Thank you, @ricardojosehlima. I have extracted 5,333 verbs starting with re- from all the spelling dictionaries (PT, BR, AO, MZ). What do you think? I guess there are too many verbs. Some are probably unusual and non-existent in common dictionaries. Only 264 are in the tagger dictionary, and a few more (5-6) are in added.txt. Some verbs rere- are most likely generated with two prefixes (rereconsiderar). verbs-re-in-spelling-dicts.txt verbs-re-in-tagger-dict.txt

Once we decide which verbs are valid, I will add the missing ones with the whole conjugation.

Could you take a look? How long would it take to check these 5,000 verbs?

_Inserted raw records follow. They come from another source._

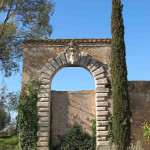 Portale del Fontana con lo stemma Borghese di Paolo V
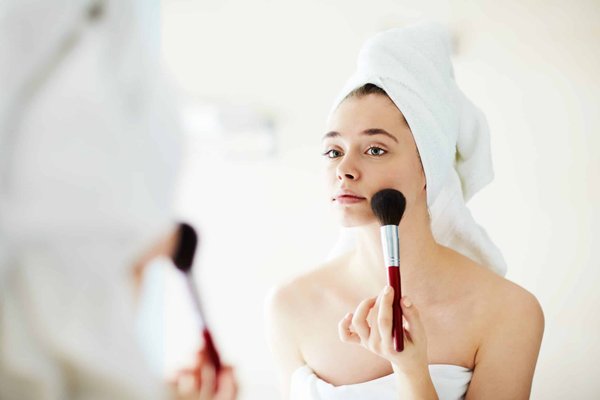 Quelles sont les meilleures pratiques pour appliquer le maquillage sur une peau mature?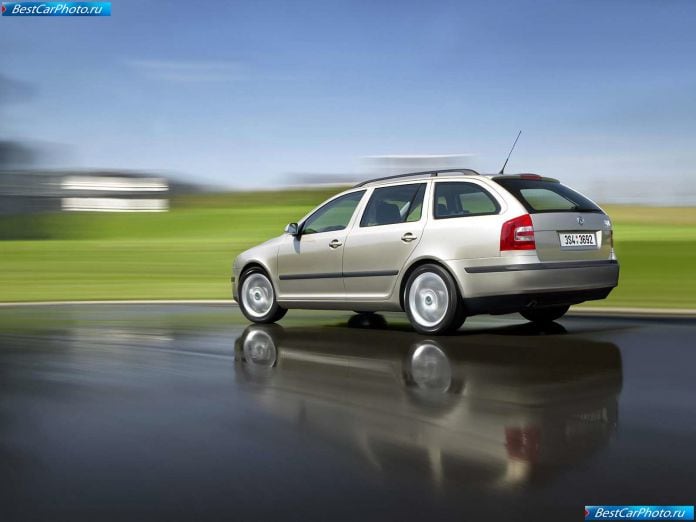 2004 Skoda Octavia Combi - фотография 25 из 40 2004 Skoda Octavia Combi - фотография 25 из 40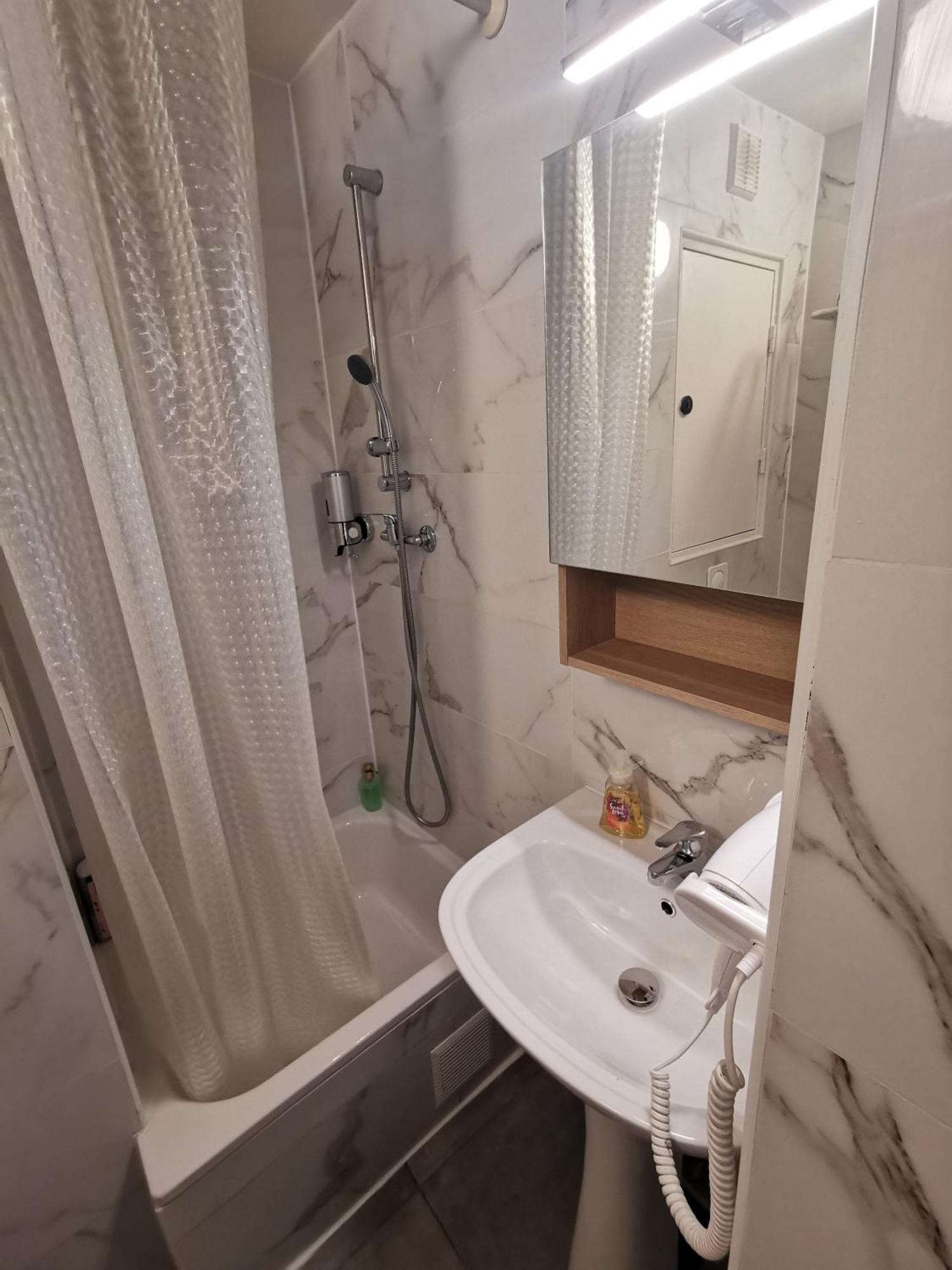 Appart Hotel La Defense Courbevoie Eksteriør billede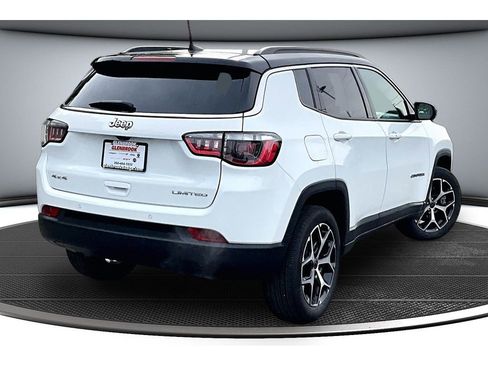 Used 2025 Jeep Compass Limited w/ Sun & Sound Group AWD/4WD image 15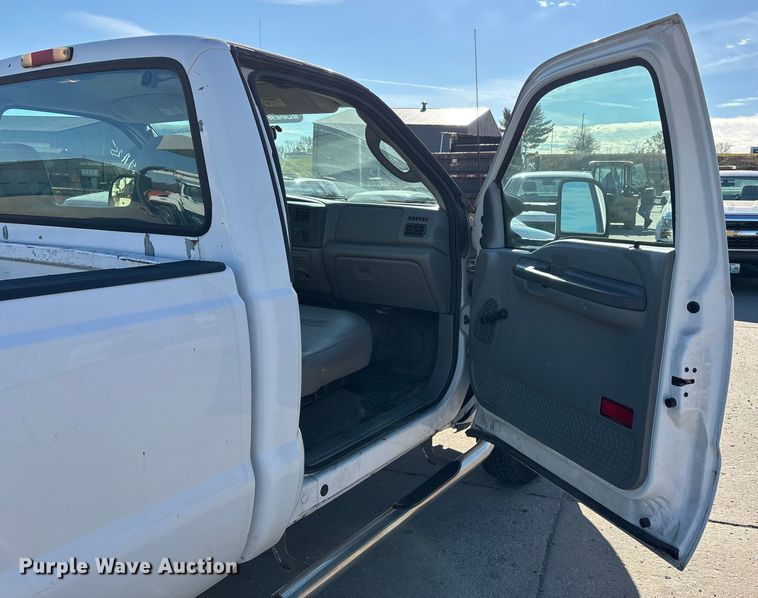 image for item DW7286 2003 Ford F250 Super Duty XL pickup truck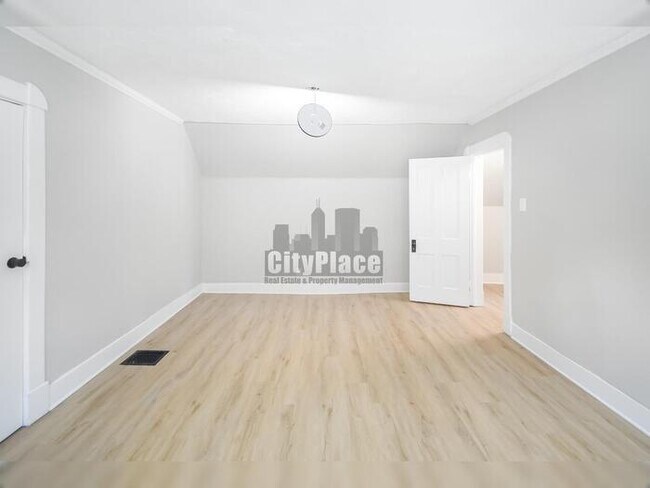 Building Photo - 3027 Boulevard Pl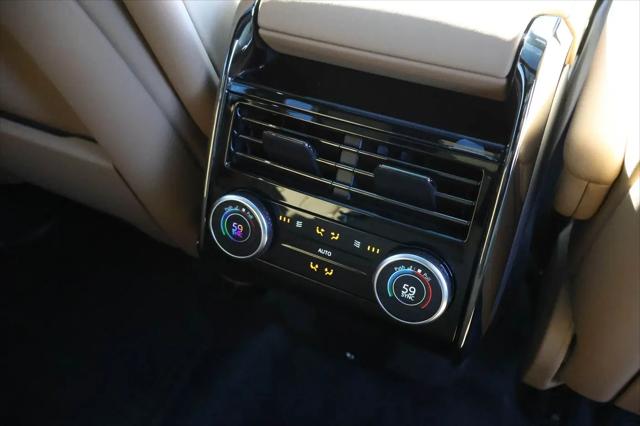 2026 Land Rover Range Rover Sport P360 SE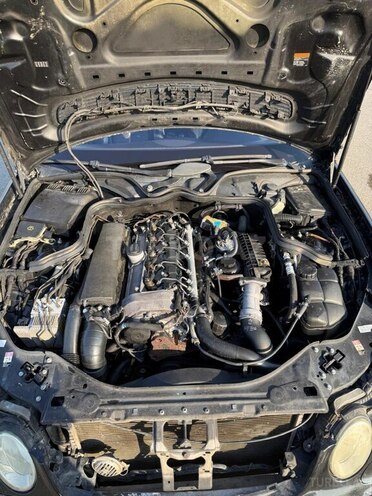 Mercedes E 270 2002, 530,000 km - 2.7 l - Bərdə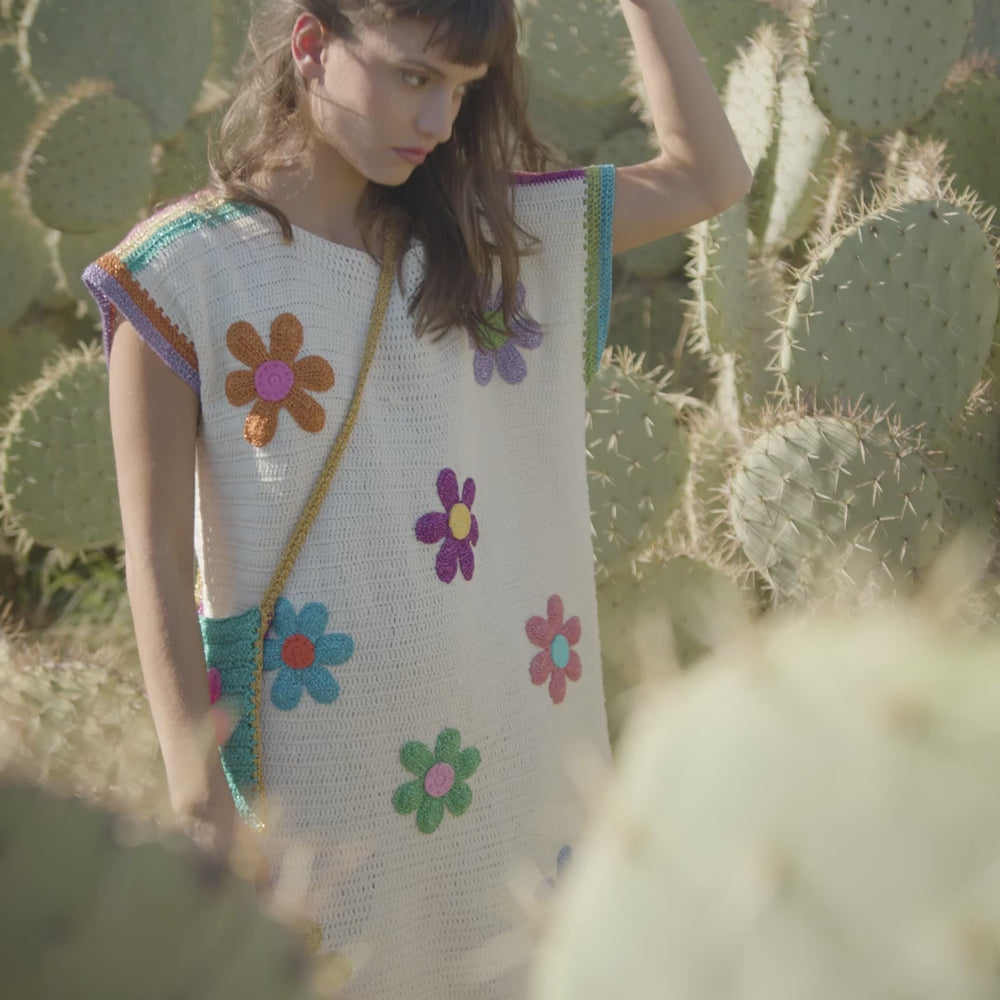 
                  
                    Load and play video in Gallery viewer, DRESS NO SLEEVES FREE FLOWERS ECRU
                  
                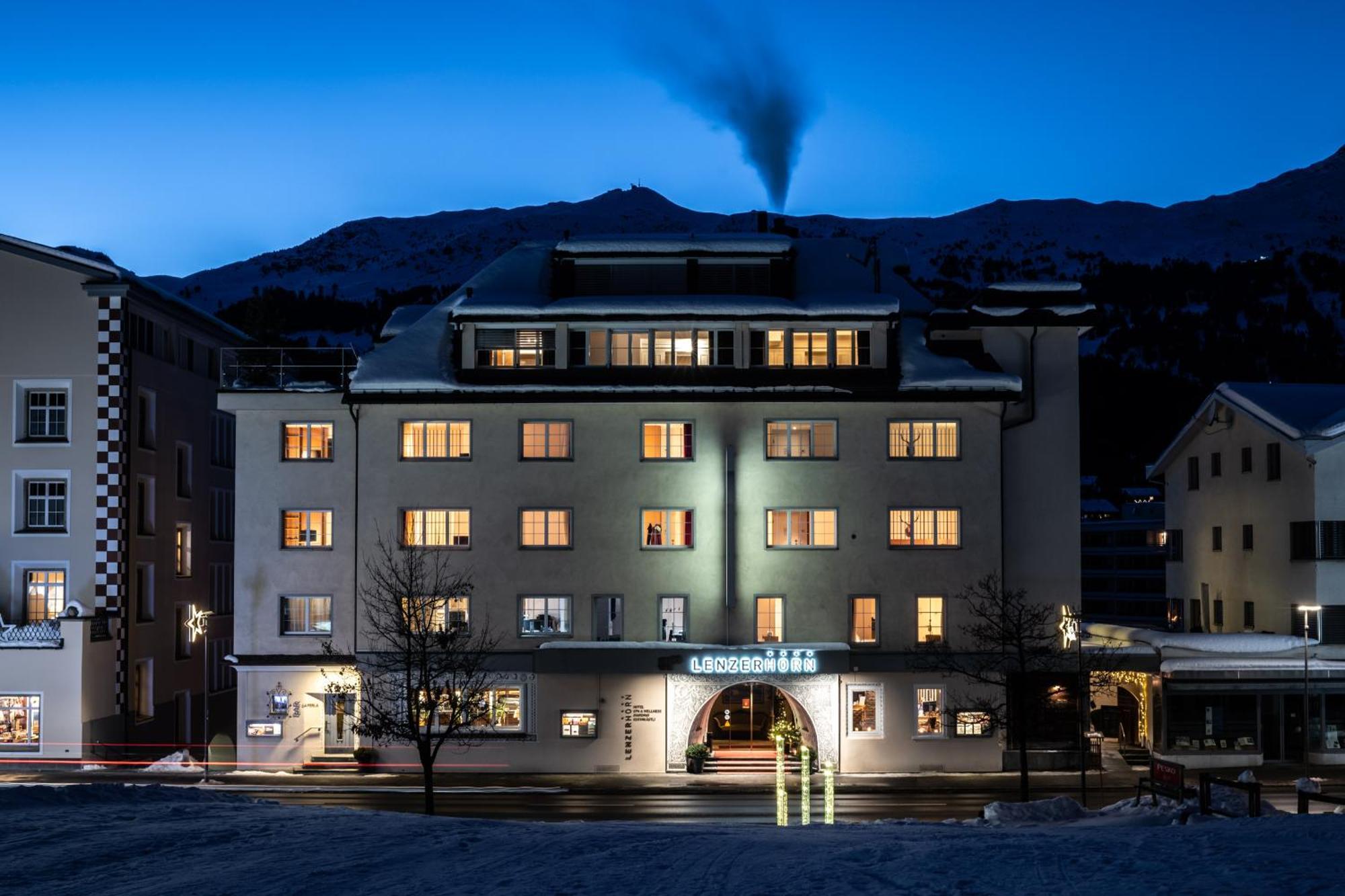 Hotel Lenzerhorn 렌쩨르하이데 외부 사진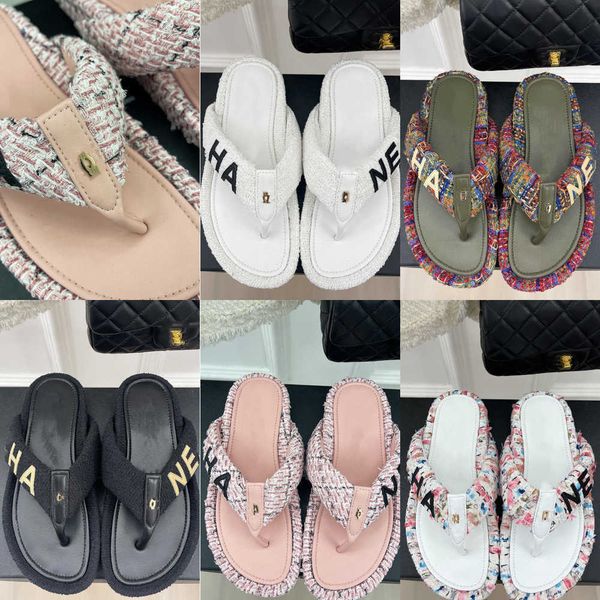 designer slippers letter embroidery thong flip flop brand women slides sandals women shoes summer beach indoor outdoor slide flat classic sl, Black
designer slippers letter embroidery thong flip flop brand women slides sandals women shoes summer beach indoor outdoor slide flat classic sl, Black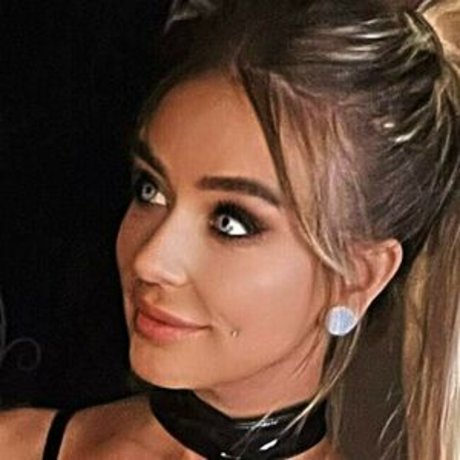 Ashley wolf nus star du porno img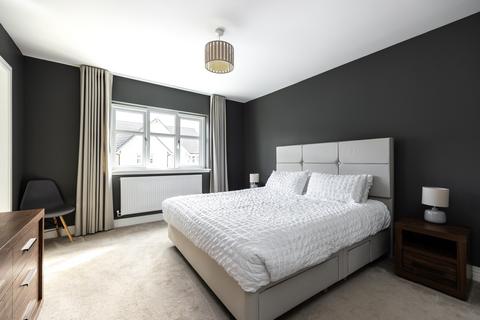 27 Somerville Road, Balerno, EH14 5BF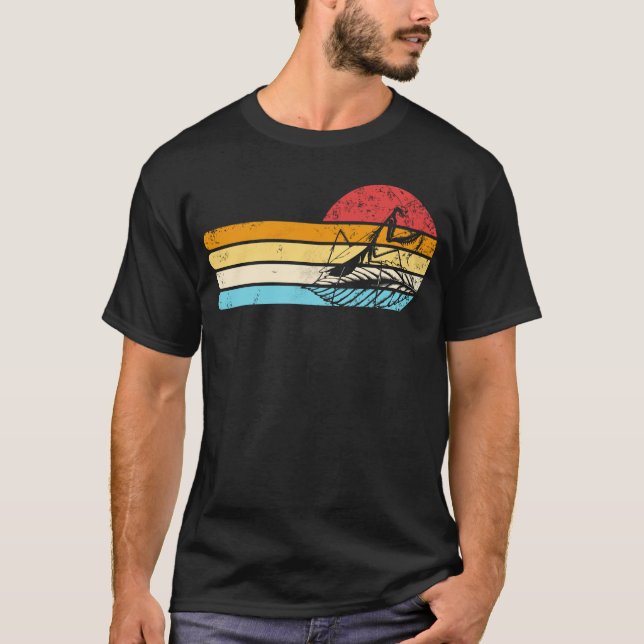 Camiseta Rezando Mantis Retro Sunset Entomologista Mantis (Frente)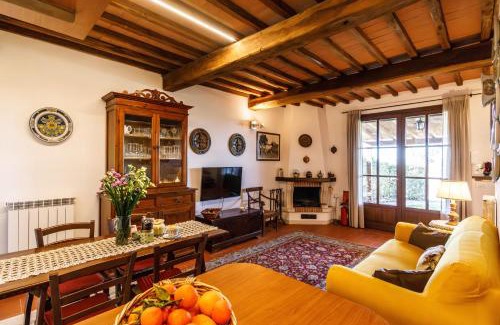 Monteaperti Apartment | Top of hill, with view on Siena, Chianti and Crete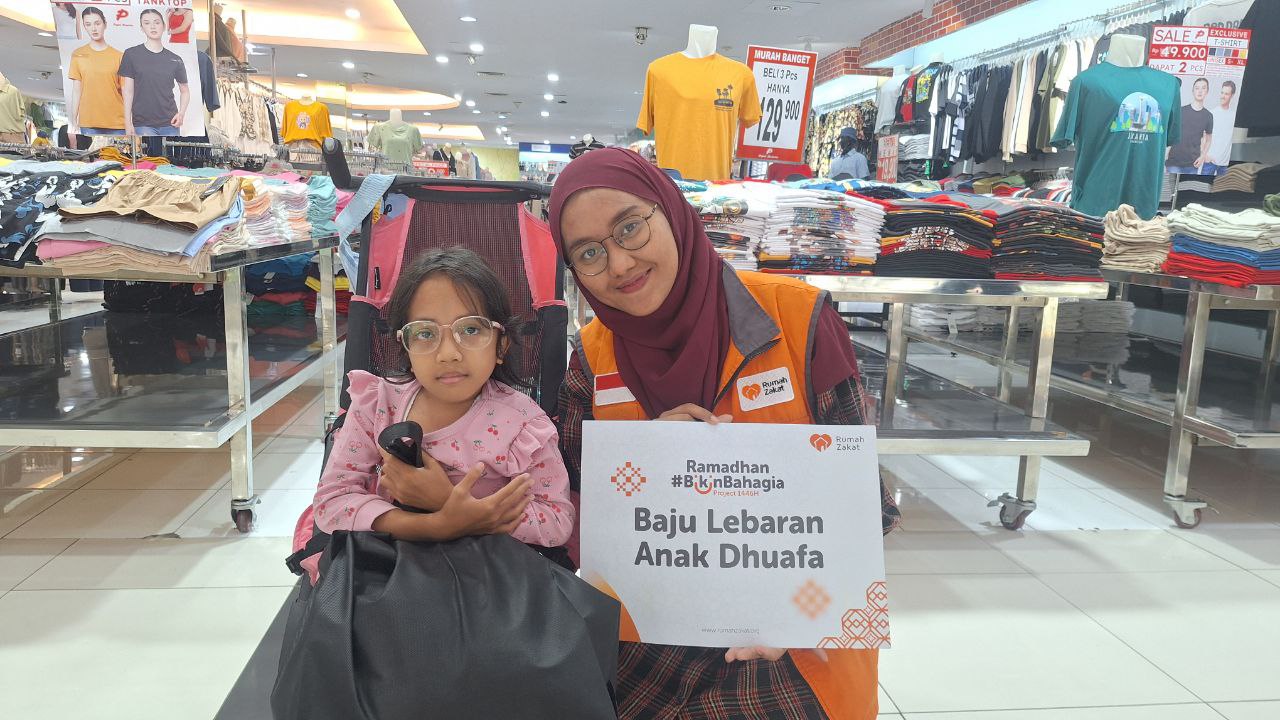 Rumah Zakat ajak anak yatim dhuafa membeli baju lebaran baru.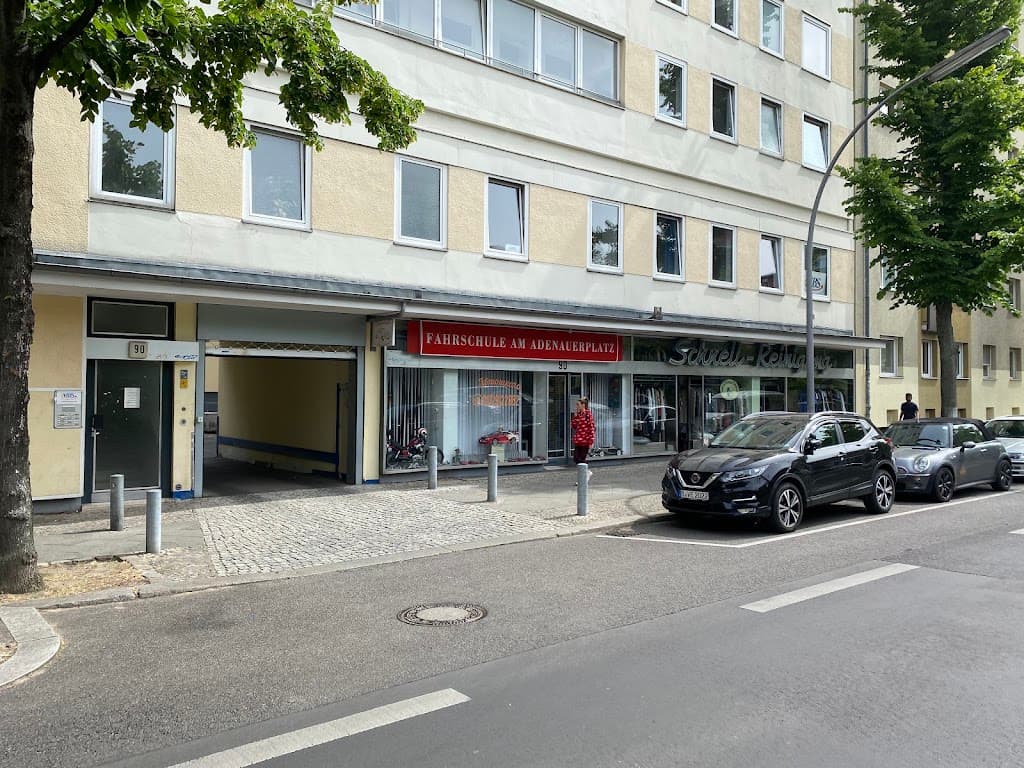 Fahrschule am Adenauerplatz (russisch / deutsch)
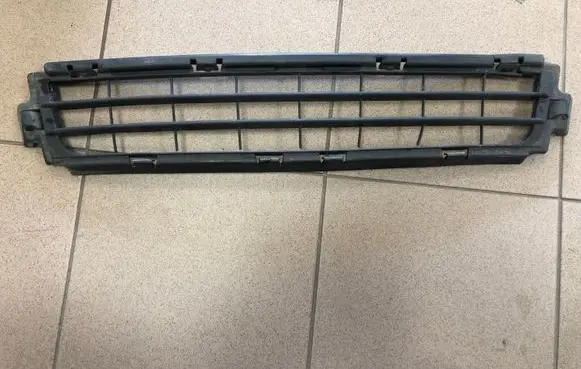 Volvo V50 Front bumper lower grill 30744911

We need to remove the verbs that are wrong or very rare.

ricardojosehlima commented 2 years ago

@jaumeortola so, if I understood it well, I would search for valid verbs in spelling.txt and then those would be added to tagger.txt, correct? I can do this to very frequent verbs that I can spot are not in tagger.txt, but not for valid verbs as there are verbs included from PT, AO and MZ and I don't know for example if 'recapar' is even valid in PT, AO and MZ or if it is frequent. I can make a list that could be a consensus between PT, BR, AO and MZ as both valid and frequent. As for how long I will take, I may take some days to finish the spelling.txt

jaumeortola commented 2 years ago

Yes, verbs in verbs-re-in-spelling-dicts.txt, once confirmed, will be added to added.txt (with the whole conjugation, around 85 forms for each verb). But before doing anything, I will compare the differences among the spelling dictionaries and will provide several lists (one for verbs in all dictionaries, another for only BR, and so on), so that we can set priorities. I will post them here.

ricardojosehlima commented 2 years ago

@jaumeortola @marcoagpinto I am doing the dictionary task and indeed the tagger file lacks lots of frequent verbs with re-. However, a doubt has arisen: I see verbs that are not in the tagger being tagged in the https://community.languagetool.org/analysis/analyzeText correctly just like any other verb, for example 'registrar'. So, not being in the tagger is causing what problem?

marcoagpinto commented 2 years ago

@ricardojosehlima

Hello!

They need to be in spelling.txt or in the corresponding .dic file.

marcoagpinto commented 2 years ago

Ahhhh… @ricardojosehlima

The speller.txt only has words common to all variants.

For specific variants the words must be added to .dics or maybe @jaumeortola knows a better way.

🙂